[Data entries]
<<<<

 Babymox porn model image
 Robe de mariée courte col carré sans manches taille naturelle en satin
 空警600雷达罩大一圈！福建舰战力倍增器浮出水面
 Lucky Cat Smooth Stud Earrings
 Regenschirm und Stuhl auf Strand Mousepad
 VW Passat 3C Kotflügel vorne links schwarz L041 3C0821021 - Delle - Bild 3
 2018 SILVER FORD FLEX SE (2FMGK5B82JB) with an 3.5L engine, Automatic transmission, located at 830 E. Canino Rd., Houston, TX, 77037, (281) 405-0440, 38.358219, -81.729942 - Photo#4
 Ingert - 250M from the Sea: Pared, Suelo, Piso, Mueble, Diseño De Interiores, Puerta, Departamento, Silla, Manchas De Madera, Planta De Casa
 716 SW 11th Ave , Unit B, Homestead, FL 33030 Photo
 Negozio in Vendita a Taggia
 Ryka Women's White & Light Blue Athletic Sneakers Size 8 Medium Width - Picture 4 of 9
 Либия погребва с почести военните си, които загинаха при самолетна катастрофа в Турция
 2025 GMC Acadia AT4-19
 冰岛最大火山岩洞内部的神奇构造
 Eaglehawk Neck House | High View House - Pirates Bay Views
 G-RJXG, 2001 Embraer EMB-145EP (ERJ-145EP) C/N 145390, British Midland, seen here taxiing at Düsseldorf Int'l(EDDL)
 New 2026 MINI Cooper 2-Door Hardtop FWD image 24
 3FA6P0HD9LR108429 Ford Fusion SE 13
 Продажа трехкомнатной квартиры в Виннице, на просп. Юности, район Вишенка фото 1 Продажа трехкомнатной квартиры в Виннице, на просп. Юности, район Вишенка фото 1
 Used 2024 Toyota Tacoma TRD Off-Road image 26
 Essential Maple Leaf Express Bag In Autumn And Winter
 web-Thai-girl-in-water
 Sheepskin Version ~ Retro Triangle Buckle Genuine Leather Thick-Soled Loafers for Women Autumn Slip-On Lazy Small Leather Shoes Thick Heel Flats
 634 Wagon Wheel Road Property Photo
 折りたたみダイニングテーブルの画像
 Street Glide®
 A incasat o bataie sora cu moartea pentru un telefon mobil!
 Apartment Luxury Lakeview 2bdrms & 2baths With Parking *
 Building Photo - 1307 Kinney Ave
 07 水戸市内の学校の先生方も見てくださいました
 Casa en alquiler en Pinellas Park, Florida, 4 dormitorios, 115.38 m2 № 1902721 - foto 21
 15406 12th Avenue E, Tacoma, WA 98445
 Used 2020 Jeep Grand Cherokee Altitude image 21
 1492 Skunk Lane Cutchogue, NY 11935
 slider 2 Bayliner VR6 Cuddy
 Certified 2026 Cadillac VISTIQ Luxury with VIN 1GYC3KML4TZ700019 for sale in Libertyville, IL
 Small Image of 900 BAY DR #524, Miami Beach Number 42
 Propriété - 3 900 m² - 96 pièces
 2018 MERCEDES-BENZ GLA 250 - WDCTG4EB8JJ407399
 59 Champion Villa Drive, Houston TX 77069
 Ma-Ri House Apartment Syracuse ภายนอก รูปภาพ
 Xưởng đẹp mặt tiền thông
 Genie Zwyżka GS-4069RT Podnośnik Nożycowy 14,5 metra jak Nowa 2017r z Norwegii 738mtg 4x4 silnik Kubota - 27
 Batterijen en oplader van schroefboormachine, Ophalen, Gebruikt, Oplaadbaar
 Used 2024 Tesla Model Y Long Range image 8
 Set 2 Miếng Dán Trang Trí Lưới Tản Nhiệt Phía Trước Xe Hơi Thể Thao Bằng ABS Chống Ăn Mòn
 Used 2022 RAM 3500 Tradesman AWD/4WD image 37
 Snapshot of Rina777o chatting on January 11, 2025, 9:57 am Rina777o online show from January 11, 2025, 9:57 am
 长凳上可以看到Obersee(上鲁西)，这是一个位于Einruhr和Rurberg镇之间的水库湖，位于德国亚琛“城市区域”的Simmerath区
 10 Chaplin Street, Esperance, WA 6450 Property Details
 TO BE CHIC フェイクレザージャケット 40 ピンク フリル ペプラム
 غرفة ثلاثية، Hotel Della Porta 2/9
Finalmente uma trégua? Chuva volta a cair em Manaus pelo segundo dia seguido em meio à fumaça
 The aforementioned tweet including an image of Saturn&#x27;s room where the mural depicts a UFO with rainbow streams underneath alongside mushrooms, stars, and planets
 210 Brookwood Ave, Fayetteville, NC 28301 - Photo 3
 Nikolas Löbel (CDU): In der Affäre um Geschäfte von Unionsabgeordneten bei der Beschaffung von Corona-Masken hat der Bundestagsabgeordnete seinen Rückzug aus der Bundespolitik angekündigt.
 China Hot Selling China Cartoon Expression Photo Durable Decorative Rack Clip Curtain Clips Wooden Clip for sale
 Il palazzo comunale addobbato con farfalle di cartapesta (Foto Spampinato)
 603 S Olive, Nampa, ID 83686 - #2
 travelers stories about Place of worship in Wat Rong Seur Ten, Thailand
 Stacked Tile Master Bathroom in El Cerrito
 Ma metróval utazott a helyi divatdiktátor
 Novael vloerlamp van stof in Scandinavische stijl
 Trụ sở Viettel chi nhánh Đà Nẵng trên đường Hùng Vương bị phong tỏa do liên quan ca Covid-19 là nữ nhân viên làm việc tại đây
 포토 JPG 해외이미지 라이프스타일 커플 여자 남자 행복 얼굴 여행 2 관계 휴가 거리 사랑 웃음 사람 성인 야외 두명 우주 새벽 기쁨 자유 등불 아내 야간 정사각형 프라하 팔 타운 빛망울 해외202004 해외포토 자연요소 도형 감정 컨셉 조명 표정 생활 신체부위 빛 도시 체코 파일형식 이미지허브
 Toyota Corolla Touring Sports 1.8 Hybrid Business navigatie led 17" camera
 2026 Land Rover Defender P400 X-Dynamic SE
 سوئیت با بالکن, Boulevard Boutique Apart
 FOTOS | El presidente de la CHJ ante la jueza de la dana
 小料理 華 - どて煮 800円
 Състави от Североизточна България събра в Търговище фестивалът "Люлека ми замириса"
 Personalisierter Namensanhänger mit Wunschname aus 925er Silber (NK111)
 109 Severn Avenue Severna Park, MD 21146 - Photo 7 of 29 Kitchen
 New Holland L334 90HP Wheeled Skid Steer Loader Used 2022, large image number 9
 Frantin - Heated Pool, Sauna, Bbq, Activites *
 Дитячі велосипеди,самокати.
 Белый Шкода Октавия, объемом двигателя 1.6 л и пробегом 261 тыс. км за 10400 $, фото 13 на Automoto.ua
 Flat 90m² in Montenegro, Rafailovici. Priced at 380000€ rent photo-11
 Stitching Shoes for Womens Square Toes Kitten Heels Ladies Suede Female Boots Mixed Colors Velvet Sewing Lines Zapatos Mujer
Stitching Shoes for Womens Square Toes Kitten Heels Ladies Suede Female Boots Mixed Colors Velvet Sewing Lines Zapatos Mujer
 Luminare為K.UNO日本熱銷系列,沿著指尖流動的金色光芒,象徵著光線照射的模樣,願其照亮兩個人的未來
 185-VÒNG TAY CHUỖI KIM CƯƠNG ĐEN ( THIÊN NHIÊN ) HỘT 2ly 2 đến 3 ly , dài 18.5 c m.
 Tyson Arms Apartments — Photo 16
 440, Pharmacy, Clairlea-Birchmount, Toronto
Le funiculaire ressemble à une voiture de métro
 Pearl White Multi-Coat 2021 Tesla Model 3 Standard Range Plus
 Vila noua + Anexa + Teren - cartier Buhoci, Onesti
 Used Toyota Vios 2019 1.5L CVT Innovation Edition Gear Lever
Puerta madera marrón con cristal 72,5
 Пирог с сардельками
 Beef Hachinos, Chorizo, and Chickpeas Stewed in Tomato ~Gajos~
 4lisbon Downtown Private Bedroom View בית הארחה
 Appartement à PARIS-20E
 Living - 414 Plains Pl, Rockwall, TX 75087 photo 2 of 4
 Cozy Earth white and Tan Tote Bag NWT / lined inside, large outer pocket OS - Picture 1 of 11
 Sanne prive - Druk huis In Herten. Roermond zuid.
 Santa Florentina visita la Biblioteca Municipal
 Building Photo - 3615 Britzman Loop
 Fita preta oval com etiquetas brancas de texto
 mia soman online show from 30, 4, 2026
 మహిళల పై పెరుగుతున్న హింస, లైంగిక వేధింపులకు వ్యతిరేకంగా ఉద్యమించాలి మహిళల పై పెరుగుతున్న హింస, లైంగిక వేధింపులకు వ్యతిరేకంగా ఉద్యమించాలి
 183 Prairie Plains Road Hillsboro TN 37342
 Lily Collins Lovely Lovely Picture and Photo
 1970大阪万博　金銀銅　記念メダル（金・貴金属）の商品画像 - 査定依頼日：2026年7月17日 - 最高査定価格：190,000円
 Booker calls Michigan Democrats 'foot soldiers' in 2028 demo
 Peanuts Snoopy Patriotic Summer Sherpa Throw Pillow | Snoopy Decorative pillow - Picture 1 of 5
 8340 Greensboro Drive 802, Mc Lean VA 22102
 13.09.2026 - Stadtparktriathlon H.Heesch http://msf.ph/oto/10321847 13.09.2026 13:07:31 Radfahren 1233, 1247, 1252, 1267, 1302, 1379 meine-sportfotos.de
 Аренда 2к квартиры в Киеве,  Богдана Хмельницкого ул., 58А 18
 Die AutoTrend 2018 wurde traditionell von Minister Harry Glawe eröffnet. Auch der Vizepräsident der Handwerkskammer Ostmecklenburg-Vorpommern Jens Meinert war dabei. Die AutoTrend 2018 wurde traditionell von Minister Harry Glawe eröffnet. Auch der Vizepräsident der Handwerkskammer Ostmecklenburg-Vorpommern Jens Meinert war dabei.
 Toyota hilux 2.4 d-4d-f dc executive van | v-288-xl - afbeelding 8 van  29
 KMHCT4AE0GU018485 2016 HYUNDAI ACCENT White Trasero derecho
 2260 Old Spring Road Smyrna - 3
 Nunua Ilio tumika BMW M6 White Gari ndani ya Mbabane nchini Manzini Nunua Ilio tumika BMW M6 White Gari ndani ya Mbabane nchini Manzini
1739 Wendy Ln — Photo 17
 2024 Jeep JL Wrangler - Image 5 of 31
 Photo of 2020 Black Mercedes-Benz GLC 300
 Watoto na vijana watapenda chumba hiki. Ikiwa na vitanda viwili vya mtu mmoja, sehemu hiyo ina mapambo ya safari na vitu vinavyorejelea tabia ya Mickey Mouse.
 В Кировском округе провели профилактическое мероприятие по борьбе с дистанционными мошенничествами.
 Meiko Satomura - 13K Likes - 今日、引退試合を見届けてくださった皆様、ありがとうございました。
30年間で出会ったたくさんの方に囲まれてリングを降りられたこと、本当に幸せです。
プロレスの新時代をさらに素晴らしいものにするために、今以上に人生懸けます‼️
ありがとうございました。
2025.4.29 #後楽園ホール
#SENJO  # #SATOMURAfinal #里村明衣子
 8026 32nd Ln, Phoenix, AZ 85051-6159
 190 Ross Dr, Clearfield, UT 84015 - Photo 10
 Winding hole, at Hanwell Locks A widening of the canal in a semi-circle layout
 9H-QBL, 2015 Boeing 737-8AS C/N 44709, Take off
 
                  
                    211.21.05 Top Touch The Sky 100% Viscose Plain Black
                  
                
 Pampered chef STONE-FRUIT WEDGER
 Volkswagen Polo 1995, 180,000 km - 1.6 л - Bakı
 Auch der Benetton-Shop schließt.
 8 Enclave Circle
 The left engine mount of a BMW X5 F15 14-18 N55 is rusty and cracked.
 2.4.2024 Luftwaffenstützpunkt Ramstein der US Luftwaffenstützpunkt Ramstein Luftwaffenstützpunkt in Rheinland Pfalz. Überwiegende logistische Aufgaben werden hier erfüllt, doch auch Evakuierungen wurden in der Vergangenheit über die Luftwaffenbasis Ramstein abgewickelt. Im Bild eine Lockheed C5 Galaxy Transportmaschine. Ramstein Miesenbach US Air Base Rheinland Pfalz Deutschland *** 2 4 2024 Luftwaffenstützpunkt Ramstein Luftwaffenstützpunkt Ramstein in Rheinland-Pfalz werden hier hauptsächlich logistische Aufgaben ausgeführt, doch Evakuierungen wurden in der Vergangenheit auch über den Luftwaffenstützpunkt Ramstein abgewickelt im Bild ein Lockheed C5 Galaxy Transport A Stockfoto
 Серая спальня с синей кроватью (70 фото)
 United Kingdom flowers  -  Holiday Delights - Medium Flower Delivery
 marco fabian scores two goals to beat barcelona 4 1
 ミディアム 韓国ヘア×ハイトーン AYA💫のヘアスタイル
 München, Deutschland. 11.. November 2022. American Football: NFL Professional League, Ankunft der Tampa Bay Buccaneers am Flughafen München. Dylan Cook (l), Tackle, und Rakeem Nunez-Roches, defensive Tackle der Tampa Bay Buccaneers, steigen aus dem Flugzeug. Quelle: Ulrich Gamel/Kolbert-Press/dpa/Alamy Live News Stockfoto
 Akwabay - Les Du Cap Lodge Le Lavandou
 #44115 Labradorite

>>>>

**AIM OF THE TASK**.
Please count the lines in the records that contain "sale" and reply with the count alone.

**EXERCISE ANSWER**.
2